ALBUM REVIEW: Joy Division/New Order | TOTAL

written by Chris Familton

The story of Joy Division’s journey from post punk pioneers through the tragic suicide of frontman Ian Curtis and the subsequent and unexpected reincarnation as New Order is one that has been told many times over the decades. As far as legends go theirs is a classic tale of innocence, disaster and resurrection and though it has been romanticised to some extent through books, films and word of mouth it is a truly remarkable story.

TOTAL is yet another attempt at anthologising Joy Division and New Order though few have had the foresight to combine both bands in one document. The result is an album that intriguingly captures the evolution of five musicians while at the same time laying out the decline of their stock from a certain point around the end of the 80s. Joy Division have five tracks on the album while New Order contribute thirteen, an aspect of unbalance indeed. Most likely the compilers wanted a full career retrospective, sacrificing quality for a complete career arc.

Each of Joy Division’s tracks are absolute classics that define a time of disillusionment, post punk experimentation and the intellectual embrace of dark thoughts. Their incorporation of synth drums and cold, isolationist settings gives the songs an alien and glacial atmosphere with Curtis’ voice intoning deep and magnificently over the top. As important as Curtis’ voice is the bass playing of Peter Hook with his rhythmic approach that by its pure originality and melodic inventiveness supplanted the guitar as the dominant stringed instrument in the band. Love Will Tear Us Apart has become a definitive anthem but as important are the jerky nihilism of She’s Lost Control and the heavy, clouded mood of Atmosphere.
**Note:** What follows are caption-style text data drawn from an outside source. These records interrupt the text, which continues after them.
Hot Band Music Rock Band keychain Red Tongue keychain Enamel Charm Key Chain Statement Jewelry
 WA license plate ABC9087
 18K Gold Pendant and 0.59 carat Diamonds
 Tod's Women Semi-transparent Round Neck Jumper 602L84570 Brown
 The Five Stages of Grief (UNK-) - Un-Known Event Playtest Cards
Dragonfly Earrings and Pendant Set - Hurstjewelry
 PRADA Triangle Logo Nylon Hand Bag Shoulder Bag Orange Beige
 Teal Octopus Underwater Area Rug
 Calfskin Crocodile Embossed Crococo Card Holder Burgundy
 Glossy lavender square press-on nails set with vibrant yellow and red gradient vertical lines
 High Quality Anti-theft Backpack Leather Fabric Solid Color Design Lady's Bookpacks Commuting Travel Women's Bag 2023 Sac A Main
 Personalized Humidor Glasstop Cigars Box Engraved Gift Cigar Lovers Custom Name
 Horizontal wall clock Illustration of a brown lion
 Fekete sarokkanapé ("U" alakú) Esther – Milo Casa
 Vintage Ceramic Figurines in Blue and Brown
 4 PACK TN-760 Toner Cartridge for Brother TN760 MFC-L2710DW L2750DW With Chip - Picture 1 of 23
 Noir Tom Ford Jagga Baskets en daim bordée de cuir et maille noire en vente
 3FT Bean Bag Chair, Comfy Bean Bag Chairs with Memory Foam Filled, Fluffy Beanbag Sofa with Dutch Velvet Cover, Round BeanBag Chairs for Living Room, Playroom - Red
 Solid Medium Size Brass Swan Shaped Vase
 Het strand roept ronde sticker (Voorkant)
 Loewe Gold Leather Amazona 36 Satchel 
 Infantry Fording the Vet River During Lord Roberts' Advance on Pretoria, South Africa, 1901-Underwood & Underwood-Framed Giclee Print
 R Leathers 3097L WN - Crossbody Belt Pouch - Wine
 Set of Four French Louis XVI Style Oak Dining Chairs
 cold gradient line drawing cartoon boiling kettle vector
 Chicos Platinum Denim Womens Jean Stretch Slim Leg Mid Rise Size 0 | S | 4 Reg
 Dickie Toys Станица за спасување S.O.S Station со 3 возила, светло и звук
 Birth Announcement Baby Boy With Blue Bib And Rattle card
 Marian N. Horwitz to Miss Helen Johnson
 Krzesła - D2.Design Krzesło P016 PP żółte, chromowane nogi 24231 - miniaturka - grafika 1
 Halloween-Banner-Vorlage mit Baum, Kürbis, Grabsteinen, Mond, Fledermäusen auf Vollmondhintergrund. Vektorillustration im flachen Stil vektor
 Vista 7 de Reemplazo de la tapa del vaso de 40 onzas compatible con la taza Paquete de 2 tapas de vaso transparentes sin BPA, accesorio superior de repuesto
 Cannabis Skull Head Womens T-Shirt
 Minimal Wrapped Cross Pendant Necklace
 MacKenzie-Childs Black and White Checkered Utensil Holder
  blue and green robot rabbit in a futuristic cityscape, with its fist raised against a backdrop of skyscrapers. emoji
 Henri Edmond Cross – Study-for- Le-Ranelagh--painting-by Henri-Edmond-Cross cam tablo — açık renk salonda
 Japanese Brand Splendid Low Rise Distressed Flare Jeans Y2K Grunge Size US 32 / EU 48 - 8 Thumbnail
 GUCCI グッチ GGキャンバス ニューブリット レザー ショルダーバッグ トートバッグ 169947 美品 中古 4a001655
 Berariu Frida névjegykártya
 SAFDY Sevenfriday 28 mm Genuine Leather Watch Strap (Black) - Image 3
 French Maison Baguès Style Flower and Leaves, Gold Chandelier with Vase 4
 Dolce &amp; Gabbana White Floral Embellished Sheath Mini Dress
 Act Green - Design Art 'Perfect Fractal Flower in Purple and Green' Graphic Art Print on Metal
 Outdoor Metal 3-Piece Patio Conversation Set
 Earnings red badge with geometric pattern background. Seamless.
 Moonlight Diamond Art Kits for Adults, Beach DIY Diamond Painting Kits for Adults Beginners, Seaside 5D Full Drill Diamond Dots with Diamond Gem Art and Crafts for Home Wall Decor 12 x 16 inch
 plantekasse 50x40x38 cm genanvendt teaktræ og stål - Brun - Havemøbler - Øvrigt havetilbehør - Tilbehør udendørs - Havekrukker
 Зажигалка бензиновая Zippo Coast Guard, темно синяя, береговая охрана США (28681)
The transition into New Order and the addition of Gillian Gilbert on synths feels like new dawn, the emergence of the band, blinking into the sunlight of the 80s. Ceremony is a natural evolution from Joy Division but from Temptation on you can hear the band gaining confidence in their new direction with an increased optimism in the guitar work of Bernard Sumner and a rhythmic brightness to Stephen Morris’ drumming. New Order is arguably their greatest moment with its robotic drumming and the full embrace of the decade’s futuristic technology. It changed the way this writer listened to music as an eleven year old and introduced many to electronic music. Once New Order realised they had found themselves as a band they continued to write brilliant songs that married technology, traditional structures and mood. The Perfect Kiss is ebullient while still retaining its edge among its prog-tronic changes. Bizarre Love Triangle epitomises the pinnacles of 80s synth pop and compared to Joy Division it has a positively saccharine sweet glow.

The cracks began to appear around the Pet Shop Boys sounding True Faith and the lazy overkill of Fine Time. Then it was a descent into football theme songs and electro rock. The last gasp of Crystal showed signs there was still some magic but it proved to be too little too late as the turn of the century signposted the end of an era for a band(s) that had managed to stay contemporary and of the times for two decades. Listen to the first eleven tracks on TOTAL and you will experience a mastercraft of relentless inventiveness charting the brilliant evolution of a seminal band who went from amateurs to auteurs before our ears.